## DATA PROVIDED
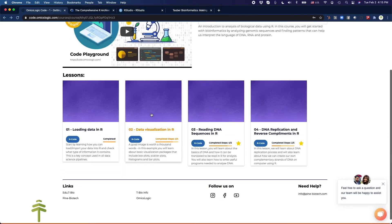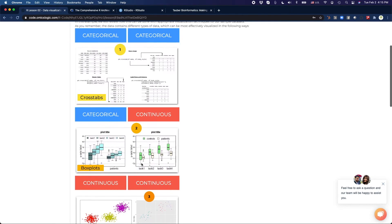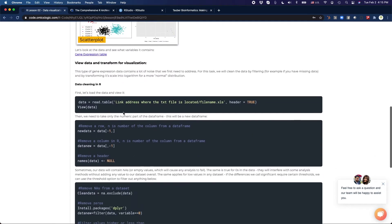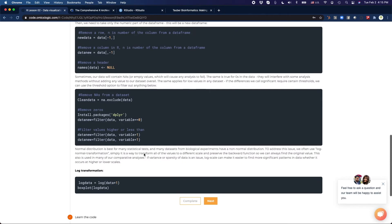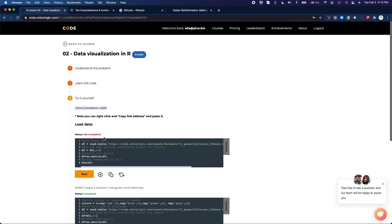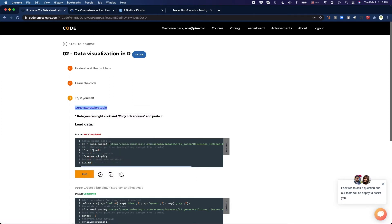Now we can visualize this data. Let's try to visualize. Now there's many different types of data: categorical, continuous. So let's read about how to work with such data. Let's try it yourself. So here we're working with a gene expression table. We can replace this link again.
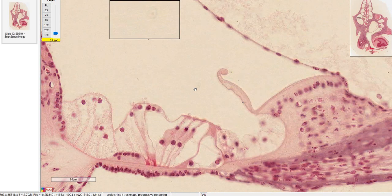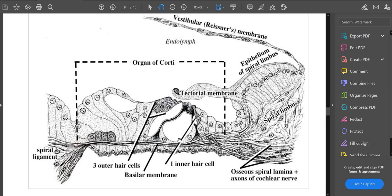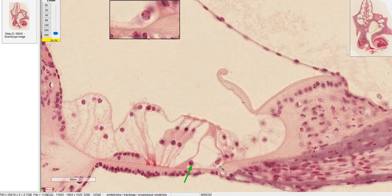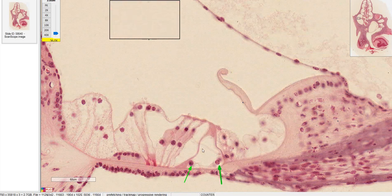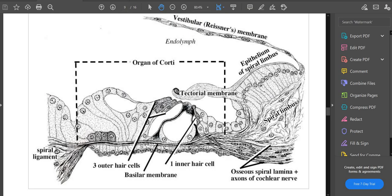Now let's talk about the organ of Corti using the lab manual diagram as a guide. First, these two pillar cells — their cell bodies together form the tunnel of Corti in the middle. On the slide itself, you can see the nuclei of the pillar cells and the tunnel of Corti. Right next to the tunnel of Corti is the inner hair cell, which is probably the most important cell here — it actually responds to its particular frequency and sends its action potential through the axon between the spiral lamina down towards the cochlear nerve.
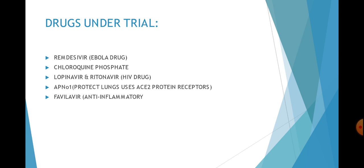The last drug is Favilavir. It is also an anti-inflammatory drug which is being used for inflammation of your lungs, like in pneumonia patients, to improve the symptoms. This drug also has, in some cases of coronavirus, improved the symptoms. So these are the five drugs that have been trialed at the moment and they are giving promising response. The trials are being conducted for these five drugs.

## WHAT YOU SHOULD DO
Copy exactly, and only, the lines from the first line of the material through the line that contains "Now let's talk", both ends kept; no pictures.

## TASK RESULT
Now we can visualize this data. Let's try to visualize. Now there's many different types of data: categorical, continuous. So let's read about how to work with such data. Let's try it yourself. So here we're working with a gene expression table. We can replace this link again.
Now let's talk about the organ of Corti using the lab manual diagram as a guide. First, these two pillar cells — their cell bodies together form the tunnel of Corti in the middle. On the slide itself, you can see the nuclei of the pillar cells and the tunnel of Corti. Right next to the tunnel of Corti is the inner hair cell, which is probably the most important cell here — it actually responds to its particular frequency and sends its action potential through the axon between the spiral lamina down towards the cochlear nerve.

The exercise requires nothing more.